▶ _Task to carry out_: Exact transcription of the data below is required, without the images.

Dataset excerpt Block Start

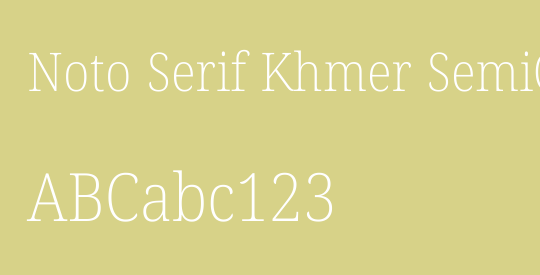 Noto Serif Khmer SemiCondensed ExtraLight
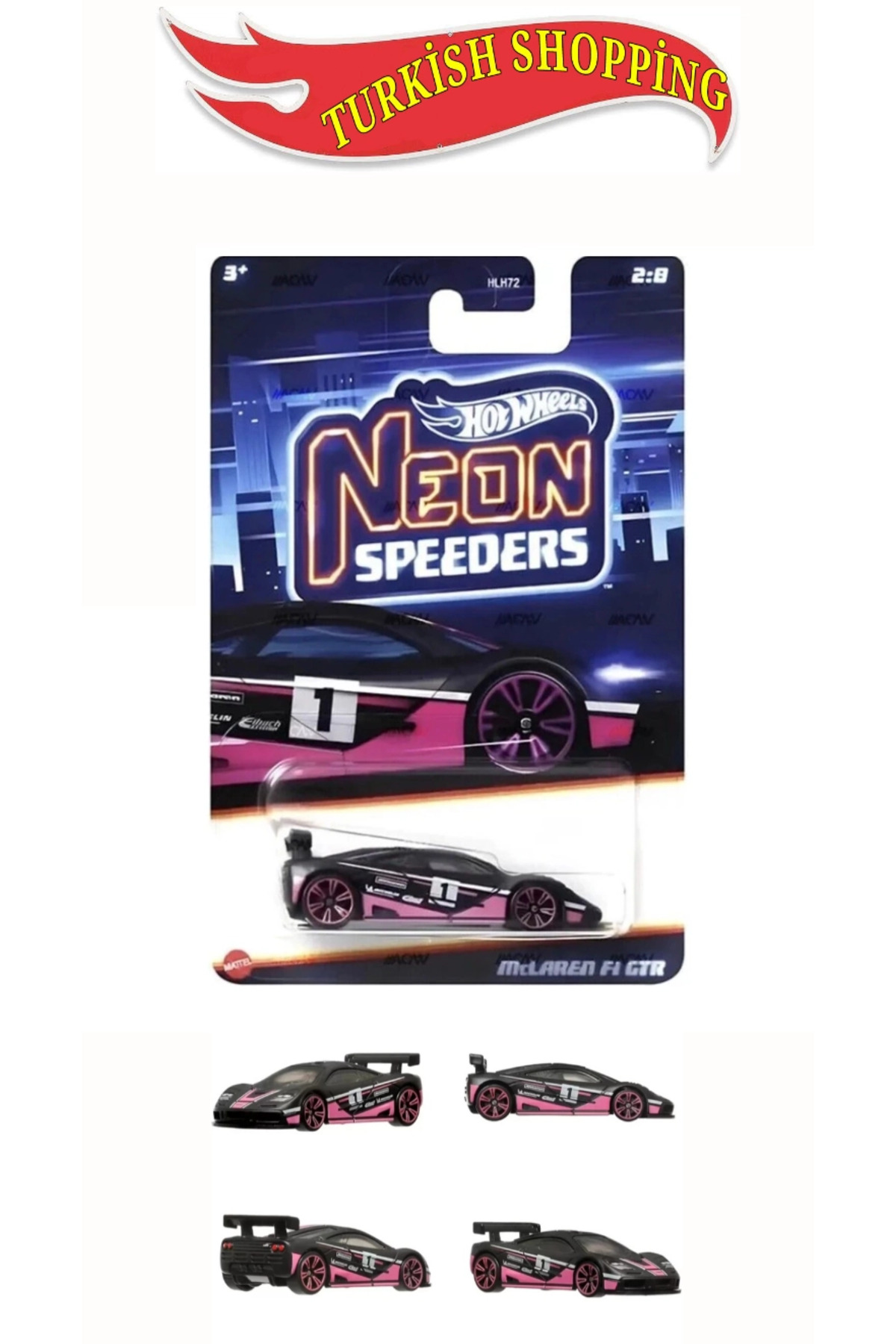 ماشین اسباب بازی نئون اسپیدرز 1:64 مقیاس UZUNKART MCLAREN F1 GTR از ترکیه HOT WHEELS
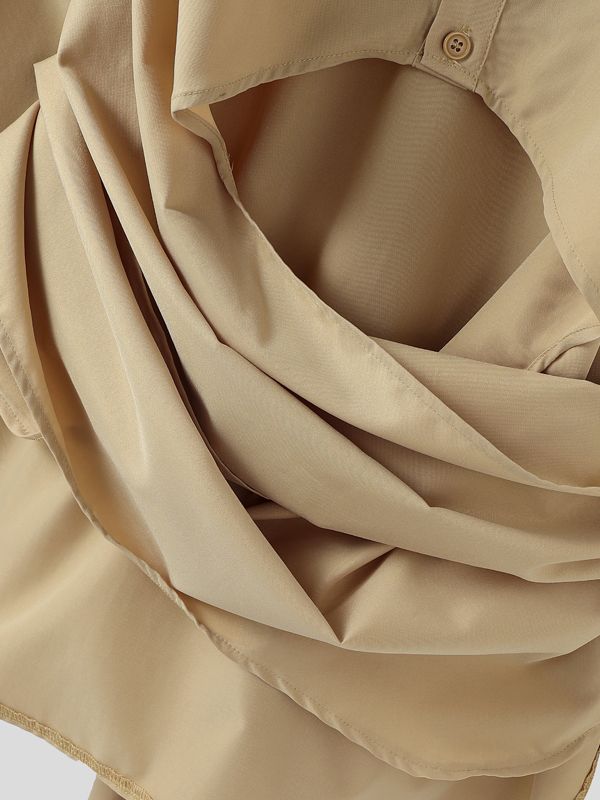 Men's Deconstructed Cinched Waist Long Sleeve Shirt SKUL39010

Dataset excerpt Block End

▶ _Exercise answer_:
 Noto Serif Khmer SemiCondensed ExtraLight
 ماشین اسباب بازی نئون اسپیدرز 1:64 مقیاس UZUNKART MCLAREN F1 GTR از ترکیه HOT WHEELS
 Men's Deconstructed Cinched Waist Long Sleeve Shirt SKUL39010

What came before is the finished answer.